What surprised me most about my forced time off was that my morale was basically unaffected. I always thought my happiness was based on a constant ability to go rock climbing. But having that taken away gave me time to focus on my family and find purpose beyond pulling on holds. I dove more deeply into my activism work and was happy. Was I losing my edge or just evolving? I am still trying to figure that one out.
One of the things I got involved in was advocating for policy around a piece of legislation called the “Roadless Rule,” which aims to save old-growth forest in Southeast Alaska, specifically Tongass National Forest. The idea is that if they prohibit road building, it makes it much harder to remove trees. President Clinton introduced it, Trump rolled it back and environmental groups lobbied Biden to reinstate it. When I learned the Devils Thumb—a 7,000-foot peak boasting the largest unclimbed alpine face in North America—sits squarely in the middle of the Tongass, I knew I had to go. But I didn’t want to just fly there.
During my research on the Tongass, I’d also come across the term “ground truthing.” The phrase was adopted by environmentalists from the world of mapping and surveying. In her 1970 essay “Ground Truthing,” Terry Tempest Williams defined it as “walking the ground to see for oneself if what has been told is true.” For me, ground truthing is about immersing yourself in a place—tasting it, smelling it, getting it all over you. It’s about experiencing the natural world in its rawest form. It occurred to me that biking to Alaska felt like the best way to get intimate with the place I wanted to protect. I realize now that I must have also had some pent-up adventure stoke and a desire to show myself that I wasn’t getting soft.

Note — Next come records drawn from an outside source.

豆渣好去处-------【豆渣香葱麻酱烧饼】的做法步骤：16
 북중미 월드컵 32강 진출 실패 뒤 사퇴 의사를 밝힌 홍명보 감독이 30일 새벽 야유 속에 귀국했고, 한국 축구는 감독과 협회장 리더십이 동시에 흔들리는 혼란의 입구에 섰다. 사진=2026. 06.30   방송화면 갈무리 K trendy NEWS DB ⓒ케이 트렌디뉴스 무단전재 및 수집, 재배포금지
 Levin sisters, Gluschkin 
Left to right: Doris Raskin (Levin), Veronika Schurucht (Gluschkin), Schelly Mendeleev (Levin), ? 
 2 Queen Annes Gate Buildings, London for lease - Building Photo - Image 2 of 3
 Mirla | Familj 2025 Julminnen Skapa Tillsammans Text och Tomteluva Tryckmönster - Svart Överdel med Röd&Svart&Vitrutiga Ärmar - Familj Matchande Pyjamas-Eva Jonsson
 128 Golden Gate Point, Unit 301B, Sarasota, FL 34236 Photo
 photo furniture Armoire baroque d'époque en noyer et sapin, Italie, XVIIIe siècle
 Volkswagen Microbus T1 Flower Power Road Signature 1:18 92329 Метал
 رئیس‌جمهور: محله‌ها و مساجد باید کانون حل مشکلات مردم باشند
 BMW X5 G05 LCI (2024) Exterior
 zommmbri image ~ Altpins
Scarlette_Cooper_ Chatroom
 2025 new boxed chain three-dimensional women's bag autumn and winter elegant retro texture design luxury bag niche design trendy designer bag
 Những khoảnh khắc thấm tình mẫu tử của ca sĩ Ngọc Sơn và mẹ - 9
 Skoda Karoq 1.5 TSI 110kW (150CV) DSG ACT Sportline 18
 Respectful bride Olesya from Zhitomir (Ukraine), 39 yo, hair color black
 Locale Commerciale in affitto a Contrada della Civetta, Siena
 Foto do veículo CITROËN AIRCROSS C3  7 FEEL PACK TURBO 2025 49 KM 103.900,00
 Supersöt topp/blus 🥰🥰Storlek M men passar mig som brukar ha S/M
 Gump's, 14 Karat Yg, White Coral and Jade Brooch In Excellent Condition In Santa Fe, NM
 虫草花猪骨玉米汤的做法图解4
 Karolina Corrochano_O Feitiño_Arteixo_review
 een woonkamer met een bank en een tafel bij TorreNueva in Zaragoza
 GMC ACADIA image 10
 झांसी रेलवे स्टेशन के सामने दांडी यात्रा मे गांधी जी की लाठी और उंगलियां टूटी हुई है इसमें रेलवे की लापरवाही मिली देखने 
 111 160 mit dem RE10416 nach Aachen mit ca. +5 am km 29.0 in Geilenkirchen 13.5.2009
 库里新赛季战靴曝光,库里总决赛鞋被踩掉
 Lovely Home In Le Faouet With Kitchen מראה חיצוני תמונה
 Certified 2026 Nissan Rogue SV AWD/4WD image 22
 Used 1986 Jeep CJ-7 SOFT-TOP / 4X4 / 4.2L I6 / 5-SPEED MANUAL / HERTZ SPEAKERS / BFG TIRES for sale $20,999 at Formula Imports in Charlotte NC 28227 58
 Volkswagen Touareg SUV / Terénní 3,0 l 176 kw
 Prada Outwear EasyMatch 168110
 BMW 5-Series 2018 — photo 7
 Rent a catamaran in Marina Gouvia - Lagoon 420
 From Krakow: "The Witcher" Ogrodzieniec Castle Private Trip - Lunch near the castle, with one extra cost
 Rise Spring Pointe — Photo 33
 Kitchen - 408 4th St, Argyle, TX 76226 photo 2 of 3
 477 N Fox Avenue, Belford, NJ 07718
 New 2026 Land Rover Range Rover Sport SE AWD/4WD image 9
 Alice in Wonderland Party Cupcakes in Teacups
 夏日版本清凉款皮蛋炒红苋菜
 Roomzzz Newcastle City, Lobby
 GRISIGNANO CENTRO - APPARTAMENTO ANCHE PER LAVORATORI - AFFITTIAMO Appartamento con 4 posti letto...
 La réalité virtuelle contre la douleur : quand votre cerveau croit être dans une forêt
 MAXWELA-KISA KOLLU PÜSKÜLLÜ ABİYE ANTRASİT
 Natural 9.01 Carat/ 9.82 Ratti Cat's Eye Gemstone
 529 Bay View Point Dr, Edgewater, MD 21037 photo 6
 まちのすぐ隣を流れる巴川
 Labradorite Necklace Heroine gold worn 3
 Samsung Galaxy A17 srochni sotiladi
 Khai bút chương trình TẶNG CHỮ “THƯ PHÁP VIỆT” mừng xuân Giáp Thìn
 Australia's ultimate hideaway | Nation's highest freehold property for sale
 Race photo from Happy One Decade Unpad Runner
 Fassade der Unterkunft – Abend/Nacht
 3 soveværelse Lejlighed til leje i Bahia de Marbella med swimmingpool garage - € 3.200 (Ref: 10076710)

So I began working on a plan to ride my bike 2,400 miles from Colorado to Alaska, stopping to climb along the way. I’d sail the Inside Passage to Petersburg, Alaska, to access the Devils Thumb on foot, hiking through the Tongass National Forest. If all went well, the trip would take two to three months. It sounded good in theory. Good enough that when I told my friend Alex Honnold about it, he wanted in.
Alex and I left my house on June 29, 2023. We headed north into Wyoming, aiming for Petersburg using bike directions from Google Maps. We soon found ourselves forging marshes and questing across the desert, following faint cattle trails through southern Wyoming, aiming for Mount Hooker in the Wind River Range before going on to the Bugaboos nearly 1,000 miles away.